*Image-text web data*.
• • •

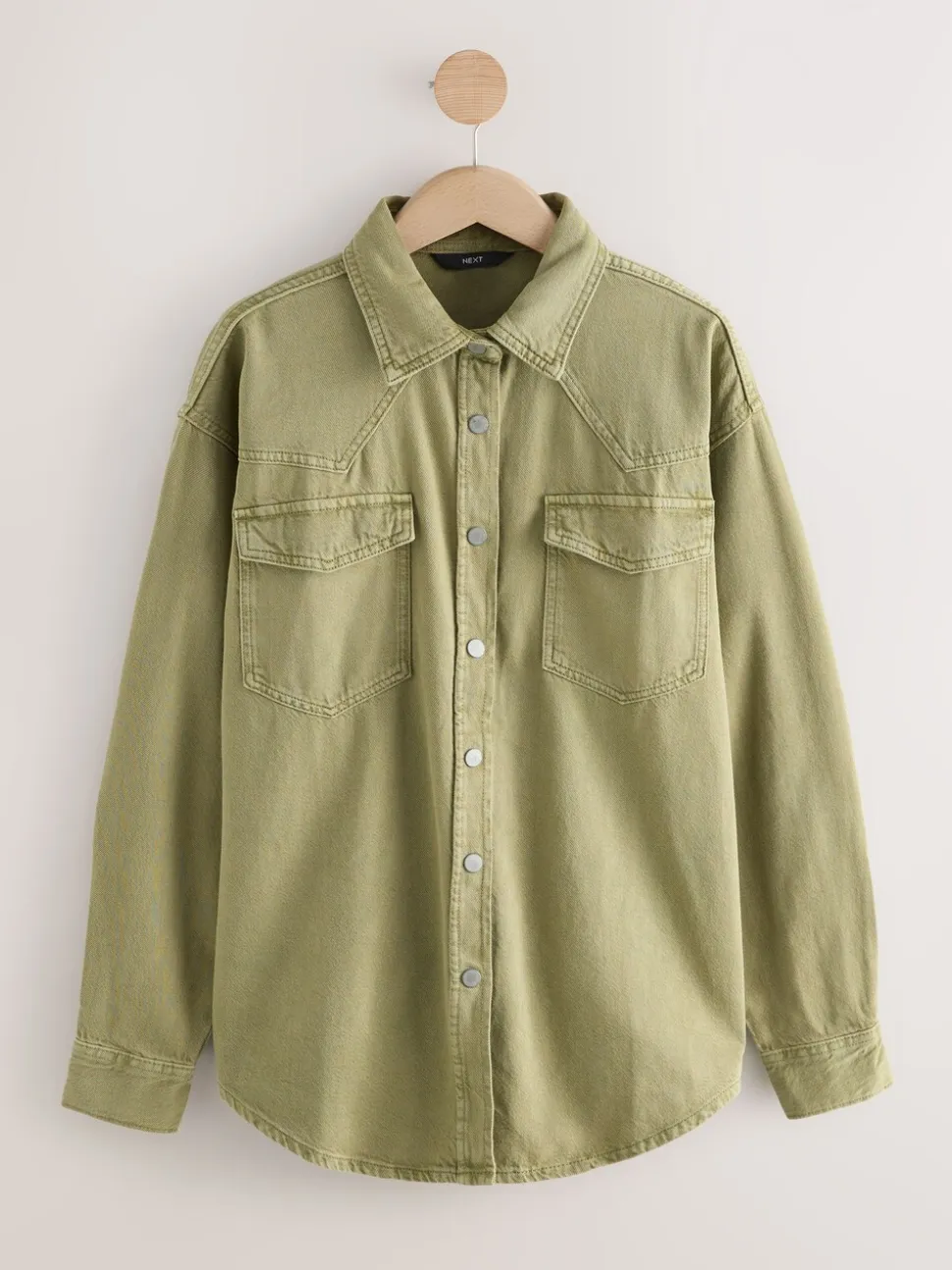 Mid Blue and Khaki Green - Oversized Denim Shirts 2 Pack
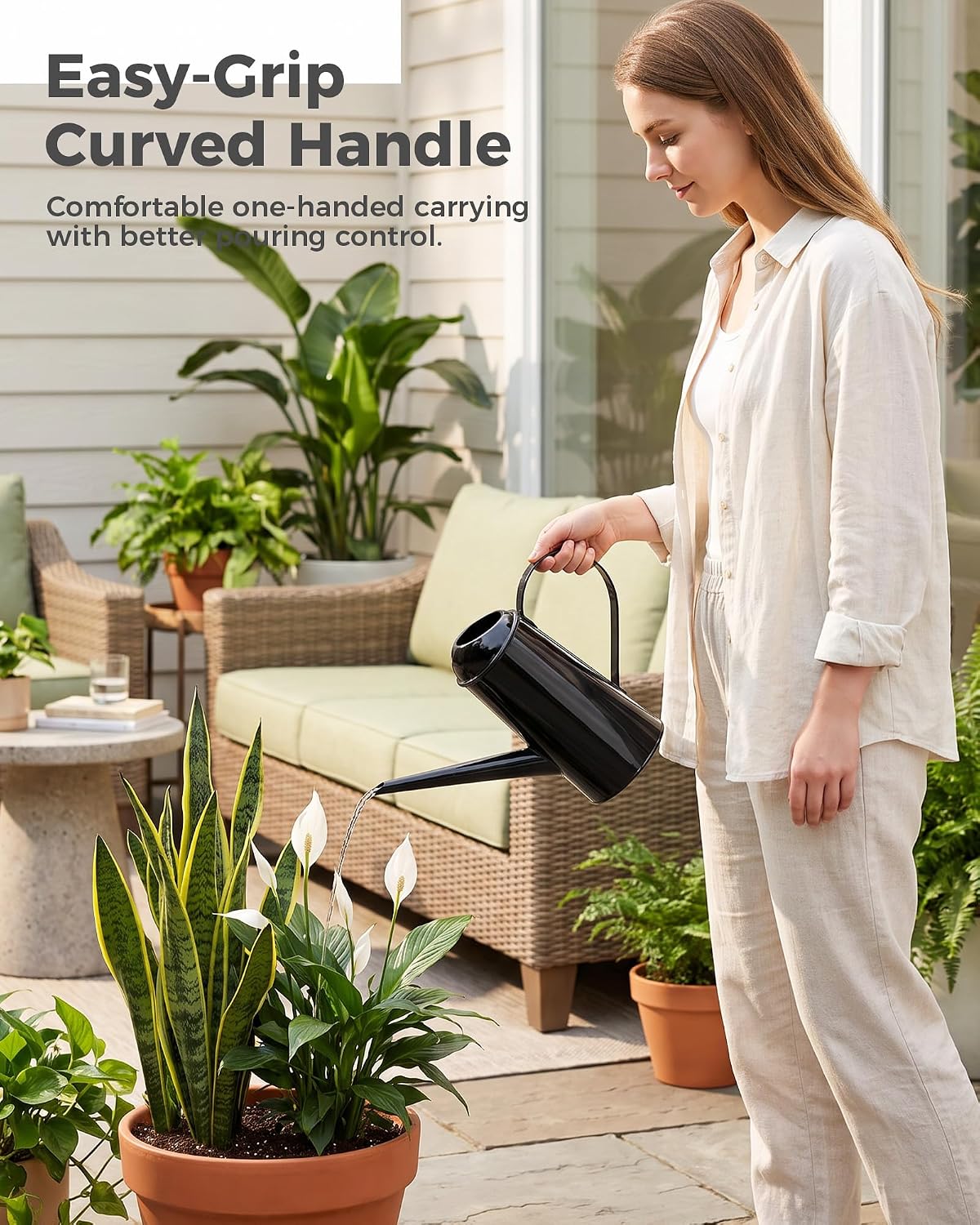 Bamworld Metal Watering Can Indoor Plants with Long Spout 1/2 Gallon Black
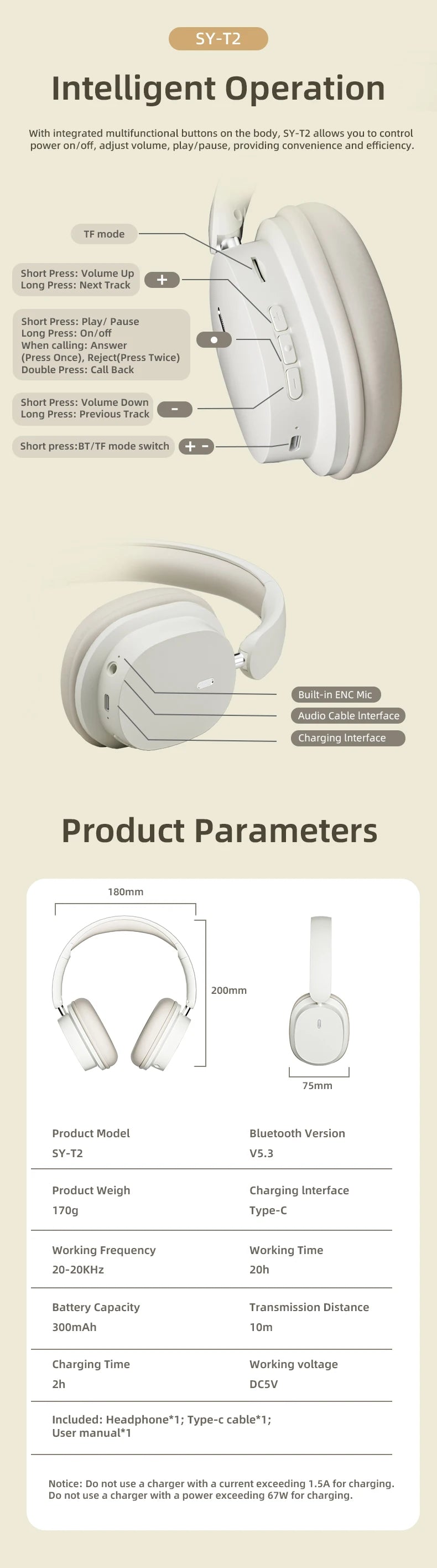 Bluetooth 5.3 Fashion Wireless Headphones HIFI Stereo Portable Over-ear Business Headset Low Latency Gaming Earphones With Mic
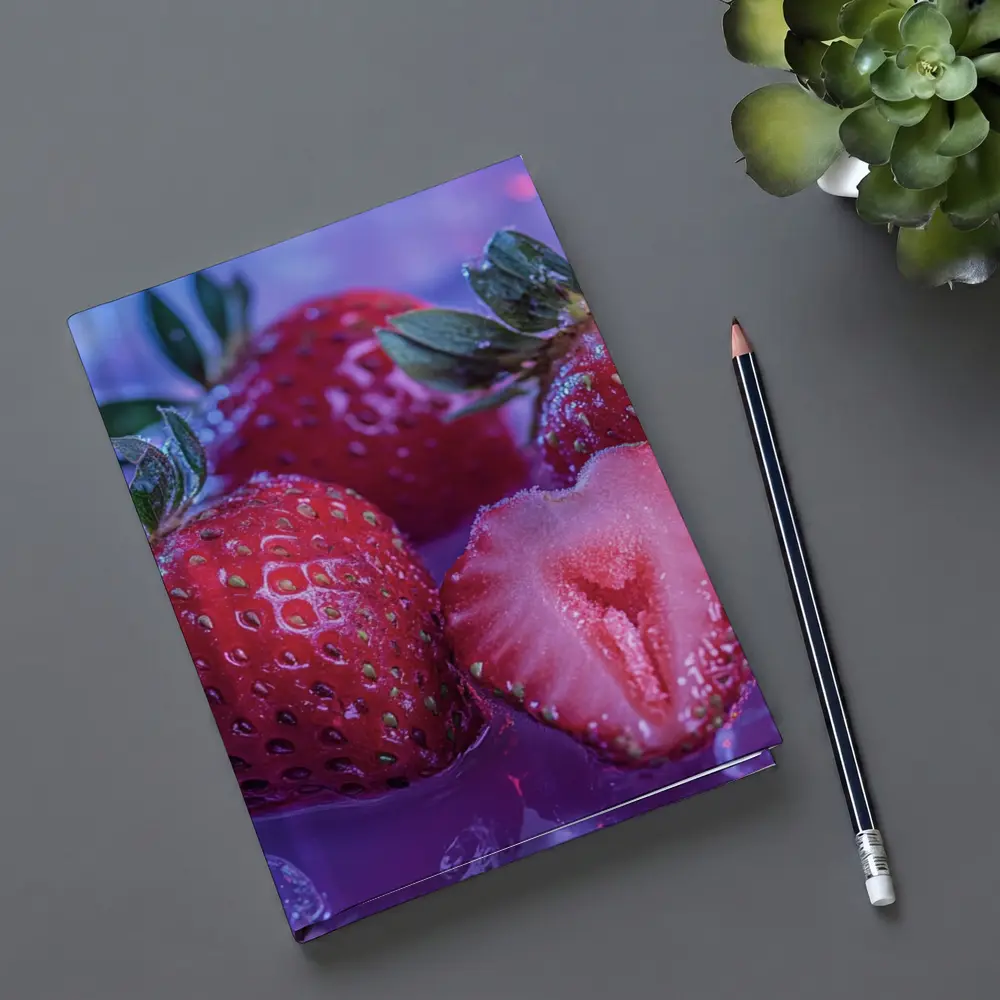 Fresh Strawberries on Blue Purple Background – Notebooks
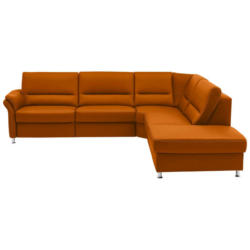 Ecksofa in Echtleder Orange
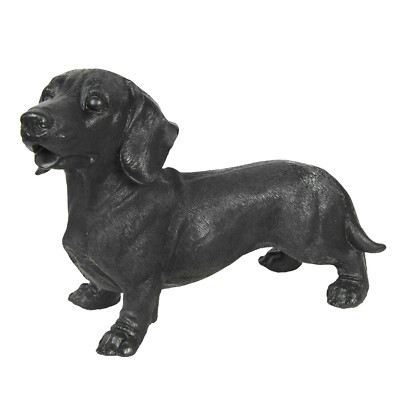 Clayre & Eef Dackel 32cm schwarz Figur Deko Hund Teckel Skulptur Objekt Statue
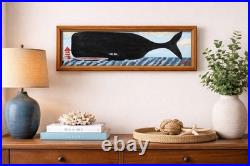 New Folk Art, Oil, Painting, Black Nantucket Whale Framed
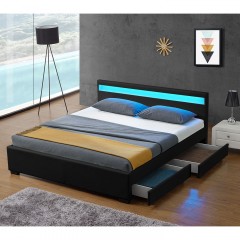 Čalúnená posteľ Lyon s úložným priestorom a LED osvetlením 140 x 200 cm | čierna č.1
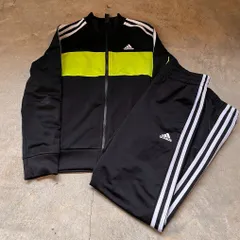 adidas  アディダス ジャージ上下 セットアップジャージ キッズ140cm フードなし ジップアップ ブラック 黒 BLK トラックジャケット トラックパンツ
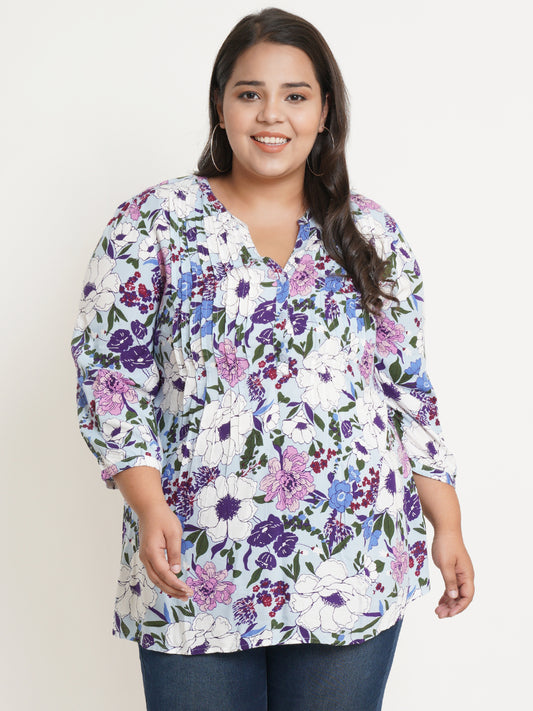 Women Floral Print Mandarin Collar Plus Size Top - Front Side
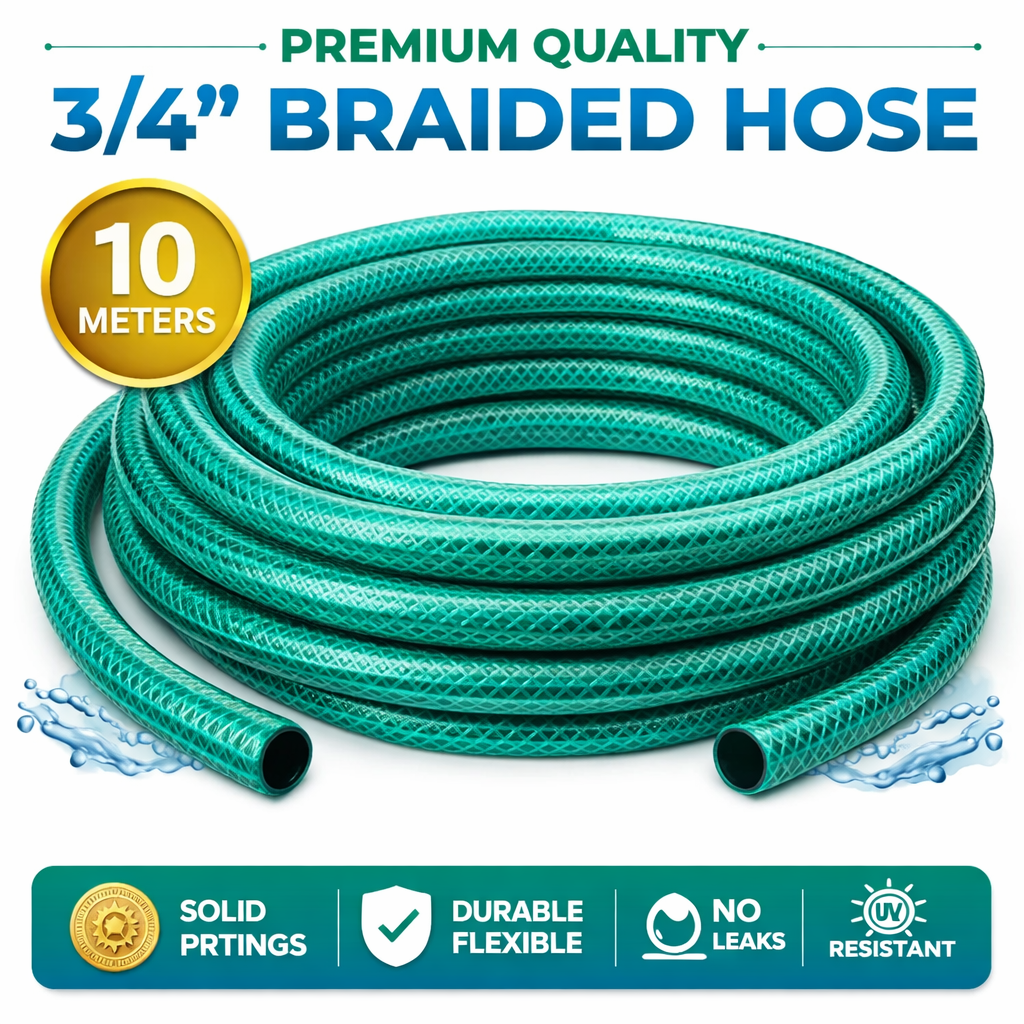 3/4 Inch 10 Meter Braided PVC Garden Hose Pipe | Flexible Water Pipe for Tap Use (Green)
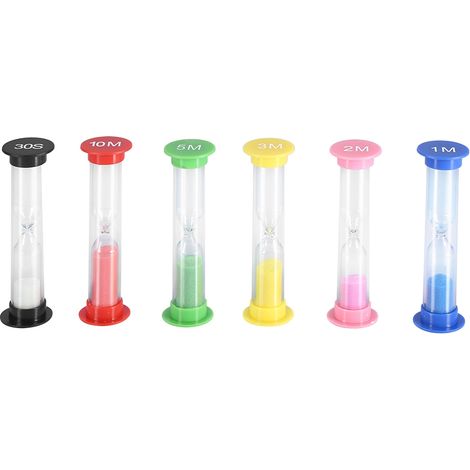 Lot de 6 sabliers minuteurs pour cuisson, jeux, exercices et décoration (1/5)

• • •

*What is being asked*. Without the pictures, give back every record precisely as shown.

*Written answer*.
 Mid Blue and Khaki Green - Oversized Denim Shirts 2 Pack
 Bamworld Metal Watering Can Indoor Plants with Long Spout 1/2 Gallon Black
 Bluetooth 5.3 Fashion Wireless Headphones HIFI Stereo Portable Over-ear Business Headset Low Latency Gaming Earphones With Mic
 Fresh Strawberries on Blue Purple Background – Notebooks
 Ecksofa in Echtleder Orange
 Clayre & Eef Dackel 32cm schwarz Figur Deko Hund Teckel Skulptur Objekt Statue
 New Folk Art, Oil, Painting, Black Nantucket Whale Framed
 Čalúnená posteľ Lyon s úložným priestorom a LED osvetlením 140 x 200 cm | čierna č.1
 adidas  アディダス ジャージ上下 セットアップジャージ キッズ140cm フードなし ジップアップ ブラック 黒 BLK トラックジャケット トラックパンツ
 Women Floral Print Mandarin Collar Plus Size Top - Front Side
 3/4 Inch 10 Meter Braided PVC Garden Hose Pipe | Flexible Water Pipe for Tap Use (Green)
 Lot de 6 sabliers minuteurs pour cuisson, jeux, exercices et décoration (1/5)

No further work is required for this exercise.